Split on molecules and not conformations in dataloader

choderalab / modelforge

Infrastructure to implement and train NNPs

https://modelforge.readthedocs.io/en/latest/

MIT License

11 stars 4 forks source link

Split on molecules and not conformations in dataloader #39

Closed wiederm closed 11 months ago

wiederm commented 11 months ago

As mentioned in the tile, we are currently splitting on conformations and should change this to a splitting on molecules

ArnNag commented 11 months ago

I think I removed the record index @chrisiacovella was referring to since it was redundant with dataset["n_confs"], which is the count of conformers in each record. So in order to get the split indices, the splitting strategy's split method would have to shuffle an index with the length of dataset["n_confs"] , split these indices, then convert this to atomic_subsystem_indices_referencing_dataset (as in https://github.com/choderalab/modelforge/blob/48281ac742d476d7e9371c59e9c7b586205c8dce/modelforge/dataset/dataset.py#L569).

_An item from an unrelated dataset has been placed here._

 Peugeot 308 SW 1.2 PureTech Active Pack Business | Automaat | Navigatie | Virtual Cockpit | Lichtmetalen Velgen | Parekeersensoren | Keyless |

wiederm commented 11 months ago

Any progress here? Is there anything I can help with?

ArnNag commented 11 months ago

~#41~ #42 should resolve this.

chrisiacovella commented 11 months ago

It seems to make sense to remove the record_index array (that was a bit of a kludge to work with the prior structure of the reader).

I put together some example datafiles that basically just duplicate some of the data in the qm9 dataset (just duplicating some of the underlying arrays), that should be useful for testing (we can add these in as additional tests for the qm9 dataset, maybe change from a single bool "unit_testing" to some sort of specification of type of test we want).

10 records total, 24 total conformers: https://drive.google.com/file/d/1xdGoqEkWxmxysJIDiienX4TOeZccCT9s/view?usp=sharing 100 records, total, 200 total conformers: https://drive.google.com/file/d/1Ror0KnopG0KR4EvV8yagWq0G5MsU66Md/view?usp=sharing

wiederm commented 11 months ago

This has been implemented in PR #42